Cesafi: A trailblazer in eSports

I know that for most of his critics, long-time Cesafi commissioner Felix Tiukinhoy may seem a traditionalist individual who is adverse to change. They don’t know that the veteran sports commissioner who was already into sports when cellular phones were the size of books is very much open to new ideas.

Before the barnyard dung hit the ceiling fan that was 2020, when we’d regularly meet, Sir Felix and I would often talk about the league and sometimes the topic would spill into the new sports that could be included. Among those that we discussed but didn’t really pan out were billiards and bowling — sports where Cebuanos really excel.

HOW DID YOU DO IT? Ryan Abarquez Balbuena, the tournament director for Cesafi eSports, has gotten calls all over the country asking him how he managed to include eSports in the collegiate league. The answer? Felix Tiukinhoy.

To be honest, I was quite disappointed with the Cebuano bowling community. It was their chance to be included in a school-based league, a first in the country, but somehow they were lukewarm to the idea.

A few years ago, when I learned that esports was being pushed as an Olympic event, I suggested to Sir Felix that Cesafi add it too and I was surprised to learn that the league was already considering it. Mobile gaming was already on the rise and one of the concerns was that it was taking too much time from academics, with some students failing their subjects because of too much screen time.

So, I suggested to Sir Felix to add another layer of protection. Cesafi athletes are usually required to pass at least 60 percent of their subjects and for the gamers, I suggested that they have to pass ALL their subjects.

It was a go, and in 2019, Cesafi announced it was adding esports to its calendar, with the console-based NBA as its first event which would be held in the second semester together with academic and cultural events.

Then 2020 said hello and life took a standstill.

There’s a silver lining to everything and the cancellation allowed Cesafi to look at how esports was done in the Southeast Asian Games and Asian Games.

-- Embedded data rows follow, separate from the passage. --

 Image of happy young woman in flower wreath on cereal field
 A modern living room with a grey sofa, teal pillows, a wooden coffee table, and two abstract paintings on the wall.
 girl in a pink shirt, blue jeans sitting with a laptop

When it announced its resumption two years later, NBA was dropped and the mobile-based Mobile Legends was added, with Ryan Abarquez Balbuena as the tournament director. Balbuena told me recently that groups from Manila and other parts of the country got in touch with him to ask him how he managed to get esports included in the Cesafi because the UAAP and NCAA don’t have it.

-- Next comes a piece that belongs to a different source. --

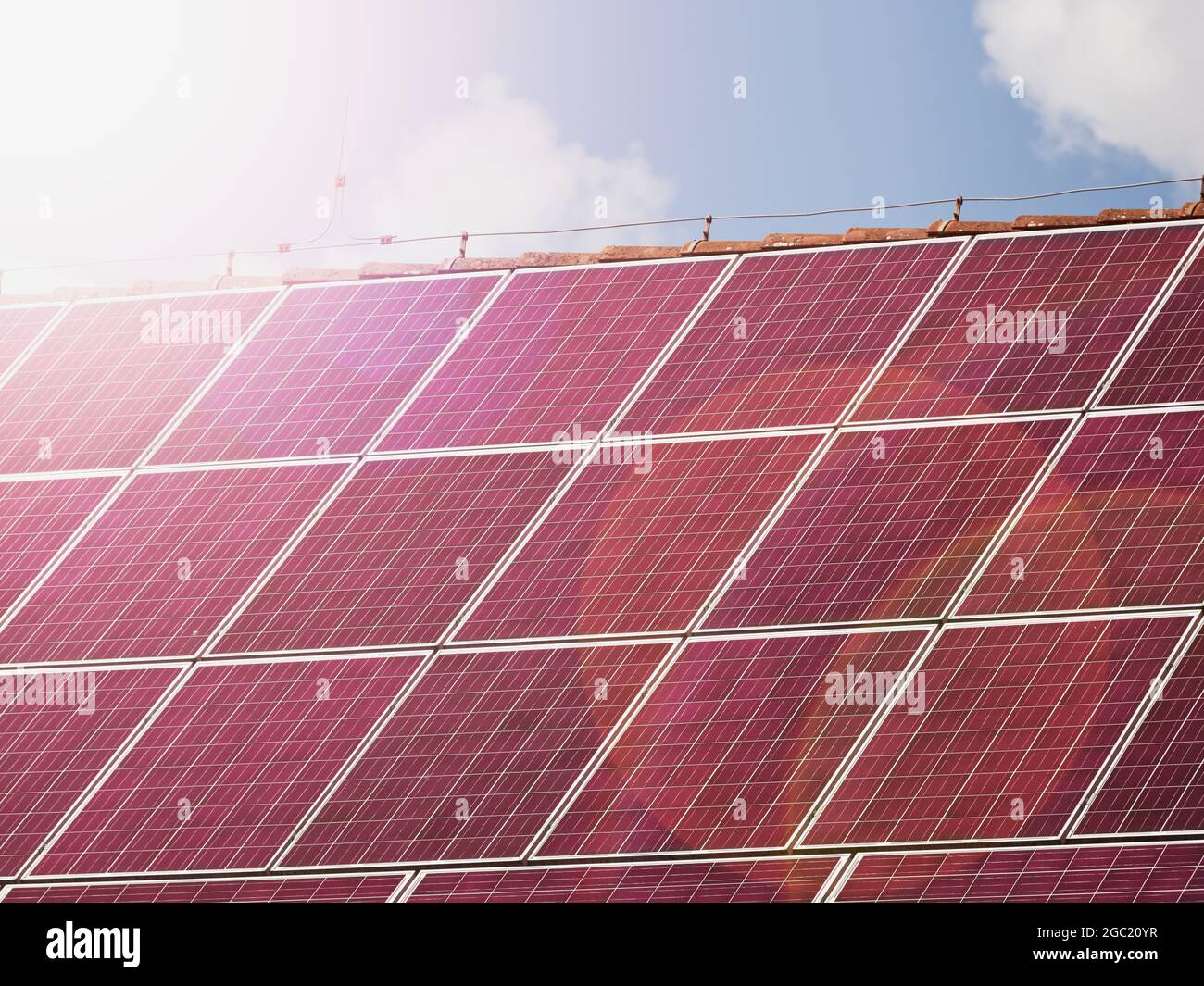 Panneaux solaires rouges sur le toit de la maison, concept d'énergie  renouvelable. Réflexion de soleil chaud dans la couverture de panneau  photovoltaïque Photo Stock - Alamy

One name is the reason: Tiukinhoy.

And esports in Cesafi is the only event that has 100 percent participation with teams from the University of San Carlos (USC), University of the Visayas (UV), the University of Southern Philippines Foundation (USPF), University of the Philippines (UP)-Cebu, University of Cebu (UC), UCLM, Cebu Eastern College (CEC), University of San Jose Recoletos (USJ-R), Cebu Institute of Technology-University and Southwestern University (SWU)-Phinma. Last weekend, USC beat UP, 2-0; SWU drew USJ-R, 1-1, and CEC beat USPF, 2-0.

Unlike in other sports, no school holds an advantage because esports doesn’t need any facilities or a large recruitment network like UV has in basketball — it’s a level playing field.

And it shows in how it is only in esports that all Cesafi members have fielded teams, the first and only time that has happened.

Thanks to Sir Felix Tiukinhoy — a trailblazer.